JonasGreim / US-headquarter-locations

3 stars 0 forks source link

Company Headquarters in the USA

The objective of this university project is to demonstrate how the US industry has changed over time, as represented by the major corporate headquarters included in the SP500 or Fortune 500 indices. The geographical distribution of these headquarters and their respective industry sectors are presented on a map where users can select different years and choose between two indexes.

Table of Contents

Data

This repository is the data scraping and processing part of the project.

Visualisation

The visualization/mapping of the headquarters locations data can be found in this repository.

The final visualization result can be found as website here. readMeAppPreview.png

Getting Started:

To get a local copy up and running, follow these simple steps.

Installation

  1. Set up a virtual python environment (Python version >= 3.10):
    python3 -m venv venv
    source venv/bin/activate
  2. Install the required packages:
    - pip3 install -r requirements.tx

Run scraper: scrapy (Get SP500 and Fortune 500 rankings)

Info: The scraper only searches the existing annual SP500 and Fortune 500 rankings of the specified websites.
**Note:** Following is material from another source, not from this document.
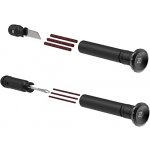 Zefal Z Bar Plugs 4301 bezdušové sada do řidítek – Sleviste.cz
There are no headquarters locations in the rankings.

go into the scrapy folder:

cd companyRankingsScraper

Fortune500:

scrapy crawl us-companies-fortune500 -o fortune500.json

SP500:

scrapy crawl us-companies-sp500 

Official Wikipedia API (Try to get headquarters locations)

First we tried to preserve the headquarters locations of the companies with the official Wikipedia API.

Problem:

run:

cd officialWikiApi
python3 officialWikiApi.py

Wikidata API (Get headquarters locations & industry sectors)

To access the headquarters location data of the companies, we used the Wikidata API.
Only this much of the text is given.